Fig. 2: Flowchart of the density fingerprint-based machine learning model.
figure 2

In this work, we atom-wise compute the density fingerprint of a given material structure. The second slot of the flowchart illustrates the balls centered at the iodine atoms of the material with different radii. The 2D perovskite structures are represented as vectors of density fingerprint curves (ψn, n = 0, 1, 2, …), which serve as features for the machine learning models. In this work, a gradient boosting tree (GBT) model is applied to the DF-based features to predict material bandgaps. Perovskite structures were visualized using the VESTA software120.

We utilize standard statistical scores to evaluate our GDA-GBT models. Four indices are used for error estimation: the coefficient of determination (COD), Pearson correlation coefficient (PCC), mean absolute error (MAE), and root-mean-square error (RMSE), where COD and MAE are major targets considered in the present literature66,67,80. To ensure a reliable comparison, we apply the 5-fold cross-validation to each experiment and record the average scores. Results and comparisons are shown in Table 1. As shown in Table 1, our GDA-GBT model exhibits superior performance compared to most other models, highlighted by a COD of 0.9101 and an MAE of 0.0695 (eV). Furthermore, our GBT model, utilizing importance-based DF features (GDA(IF)-GBT), achieves even more remarkable results, as evidenced by a COD of 0.9157 and an MAE of 0.0681 (eV). Further comparison and analysis are given in the following section and Supplementary Notes 13.

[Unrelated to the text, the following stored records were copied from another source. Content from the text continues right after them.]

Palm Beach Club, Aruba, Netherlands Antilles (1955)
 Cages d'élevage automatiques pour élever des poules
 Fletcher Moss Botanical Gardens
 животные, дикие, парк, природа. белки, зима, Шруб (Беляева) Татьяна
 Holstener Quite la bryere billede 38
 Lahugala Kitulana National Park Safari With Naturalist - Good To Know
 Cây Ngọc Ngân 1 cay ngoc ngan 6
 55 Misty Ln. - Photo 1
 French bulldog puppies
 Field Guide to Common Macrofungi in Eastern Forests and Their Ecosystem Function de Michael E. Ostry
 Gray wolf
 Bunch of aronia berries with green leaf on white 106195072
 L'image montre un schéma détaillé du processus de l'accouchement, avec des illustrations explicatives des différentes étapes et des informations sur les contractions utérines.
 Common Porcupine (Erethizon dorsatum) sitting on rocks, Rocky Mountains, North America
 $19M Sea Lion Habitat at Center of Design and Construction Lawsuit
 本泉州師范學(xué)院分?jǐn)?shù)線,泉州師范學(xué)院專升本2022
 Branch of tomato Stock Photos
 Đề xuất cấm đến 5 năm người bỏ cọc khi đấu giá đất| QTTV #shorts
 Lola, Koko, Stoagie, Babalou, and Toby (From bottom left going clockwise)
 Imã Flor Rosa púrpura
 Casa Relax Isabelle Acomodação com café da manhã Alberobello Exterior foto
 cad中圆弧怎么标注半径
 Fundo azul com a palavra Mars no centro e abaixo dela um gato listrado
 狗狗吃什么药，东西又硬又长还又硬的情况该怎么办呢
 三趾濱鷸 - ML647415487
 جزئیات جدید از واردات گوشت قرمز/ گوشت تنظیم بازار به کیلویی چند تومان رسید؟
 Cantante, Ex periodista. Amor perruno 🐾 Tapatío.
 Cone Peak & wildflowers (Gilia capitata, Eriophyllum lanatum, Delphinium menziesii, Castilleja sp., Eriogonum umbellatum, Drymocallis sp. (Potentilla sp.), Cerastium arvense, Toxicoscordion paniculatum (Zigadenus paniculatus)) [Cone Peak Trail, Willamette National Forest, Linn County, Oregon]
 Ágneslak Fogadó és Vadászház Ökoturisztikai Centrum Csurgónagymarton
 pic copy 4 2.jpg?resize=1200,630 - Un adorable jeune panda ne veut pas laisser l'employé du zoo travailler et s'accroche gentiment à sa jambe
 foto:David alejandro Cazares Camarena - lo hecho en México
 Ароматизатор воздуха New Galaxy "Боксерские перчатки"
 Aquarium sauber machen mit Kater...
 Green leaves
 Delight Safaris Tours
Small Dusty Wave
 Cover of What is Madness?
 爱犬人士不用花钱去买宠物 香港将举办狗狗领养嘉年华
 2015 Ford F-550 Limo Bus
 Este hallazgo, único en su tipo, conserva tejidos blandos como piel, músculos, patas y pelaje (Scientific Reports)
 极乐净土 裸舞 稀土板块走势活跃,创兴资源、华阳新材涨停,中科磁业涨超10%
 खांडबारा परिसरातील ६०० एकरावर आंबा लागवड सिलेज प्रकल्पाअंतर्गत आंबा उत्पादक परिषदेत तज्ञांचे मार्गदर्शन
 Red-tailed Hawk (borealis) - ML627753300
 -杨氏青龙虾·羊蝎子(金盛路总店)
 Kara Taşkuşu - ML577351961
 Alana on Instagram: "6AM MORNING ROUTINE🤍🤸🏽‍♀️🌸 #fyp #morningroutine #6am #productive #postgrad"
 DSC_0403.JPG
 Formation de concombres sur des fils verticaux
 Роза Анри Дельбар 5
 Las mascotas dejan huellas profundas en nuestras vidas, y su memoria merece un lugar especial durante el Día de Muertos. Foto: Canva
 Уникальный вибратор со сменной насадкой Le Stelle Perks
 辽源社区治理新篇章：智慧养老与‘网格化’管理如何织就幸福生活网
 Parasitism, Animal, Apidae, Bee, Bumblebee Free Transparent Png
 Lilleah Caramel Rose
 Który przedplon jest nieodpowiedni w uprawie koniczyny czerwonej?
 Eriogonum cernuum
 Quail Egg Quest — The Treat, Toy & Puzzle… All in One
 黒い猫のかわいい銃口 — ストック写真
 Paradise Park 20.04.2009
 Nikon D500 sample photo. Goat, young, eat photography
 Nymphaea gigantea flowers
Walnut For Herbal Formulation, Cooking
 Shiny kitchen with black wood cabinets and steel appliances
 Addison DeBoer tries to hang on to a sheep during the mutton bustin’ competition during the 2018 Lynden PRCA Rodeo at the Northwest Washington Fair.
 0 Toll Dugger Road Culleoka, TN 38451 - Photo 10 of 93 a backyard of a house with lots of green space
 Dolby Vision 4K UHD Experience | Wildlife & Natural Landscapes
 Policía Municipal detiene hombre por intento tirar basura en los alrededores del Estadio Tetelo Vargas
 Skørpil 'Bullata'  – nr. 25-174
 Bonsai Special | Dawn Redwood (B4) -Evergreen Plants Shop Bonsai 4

Table 1 Model performances

Extensive comparison with state-of-the-art models

We carried out an extensive comparison of our GDA-GBT model with the state-of-the-art (SOTA) models on 2D perovskite bandgap prediction, including smooth overlap of atomic position (SOAP) kernel-based ML models (SOAP-based KRR67 and MLM166) and GNN models, such as GCN75, ECCN76, CGCNN21, TFGNN106, SIGNNA80, and SIGNNAc80. In particular, SIGNNAc is an enhanced version of SIGNNA that incorporates additional chemical information and machine-learning feature vectors within the SIGNNA architecture80. In comparison to SIGNNA, SIGNNAc achieves improved results with a COD of 0.9270 and MAE of 0.0830 (eV). Table 1 provides a comprehensive performance comparison. It is important to highlight that all the models underwent evaluation using a 5-fold cross-validation analysis. Notably, given the extensive size of the current NMSE database, which comprises over 624 materials with DFT-based bandgap values, we conducted five random subsamples, each with 624 materials, and applied the same 5-fold cross-validation procedure in each case. The reported results represent the average scores achieved across these processing iterations.

Our GDA-GBT model can outperform molecular feature-based ML models. Recently, the SOAP descriptor-based GBT model, known as SOAP-MLM166, has been used for 2D perovskite bandgap prediction. It has a COD ≈ 0.90 and MAE ≈ 0.103 (eV) as demonstrated in Table 1. Further, SOAP descriptor has been combined with autoencoder network107 and kernel ridge regression (KRR) method108 for feature reduction and bandgap prediction67, in particular 3D perovskite datasets67,109,110. However, the SOAP-KRR model has a poorer performance compared to MLM1 when it comes to the NMSE database.

Our GDA-GBT model can also outperform various GNN models. Recently, GNN-based models have demonstrated good performance with 3D perovskite datasets22,23,67,102. We have systematically compared with GNN-based methods on the NMSE database, including CGCNN67, GCN75, ECCN76, TFGNN106, SIGNNA80, and SIGNNAc80. For Table 1, it has been found that our GDA-GBT generally has a better performance. In general, fingerprint-based models perform better than these GNN models. This may be due to the limited training data size and more complicated structures (of the unit cell).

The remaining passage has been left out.